» **Problem requirements**
Lines before the one containing "this 978×652 image." are to be skipped; reproduce that line and the rest of the records below exactly.

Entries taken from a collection
•••••

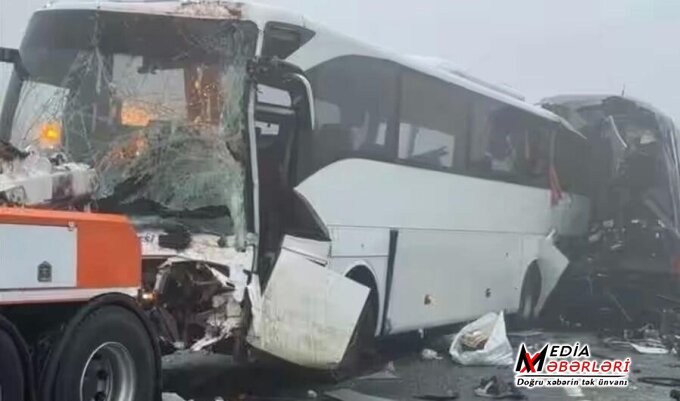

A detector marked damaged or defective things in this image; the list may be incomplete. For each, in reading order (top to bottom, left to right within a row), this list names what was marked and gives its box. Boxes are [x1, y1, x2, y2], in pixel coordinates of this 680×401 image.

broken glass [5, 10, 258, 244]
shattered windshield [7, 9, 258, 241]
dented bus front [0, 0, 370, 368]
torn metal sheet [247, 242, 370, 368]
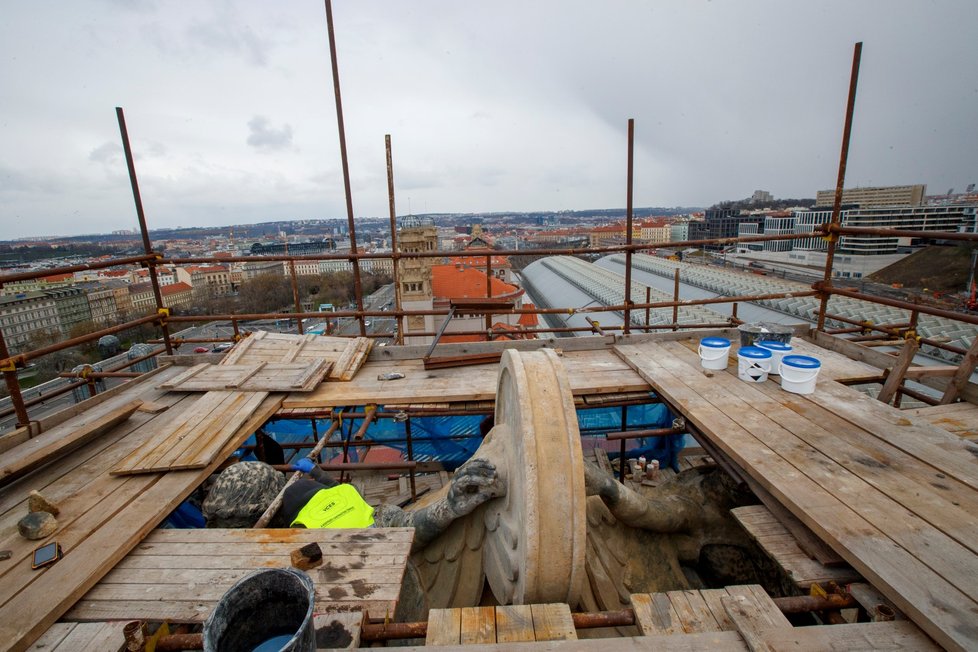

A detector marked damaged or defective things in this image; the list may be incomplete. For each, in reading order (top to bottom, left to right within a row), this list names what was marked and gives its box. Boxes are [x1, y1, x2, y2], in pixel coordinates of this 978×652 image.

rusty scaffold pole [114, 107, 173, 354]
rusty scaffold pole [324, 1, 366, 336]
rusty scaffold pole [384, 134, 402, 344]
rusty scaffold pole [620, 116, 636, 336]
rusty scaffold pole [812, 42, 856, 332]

•••••

» **Task output**
A detector marked damaged or defective things in this image; the list may be incomplete. For each, in reading order (top to bottom, left to right within a row), this list names what was marked and gives its box. Boxes are [x1, y1, x2, y2], in pixel coordinates of this 978×652 image.

rusty scaffold pole [114, 107, 173, 354]
rusty scaffold pole [324, 1, 366, 336]
rusty scaffold pole [384, 134, 402, 344]
rusty scaffold pole [620, 116, 636, 336]
rusty scaffold pole [812, 42, 856, 332]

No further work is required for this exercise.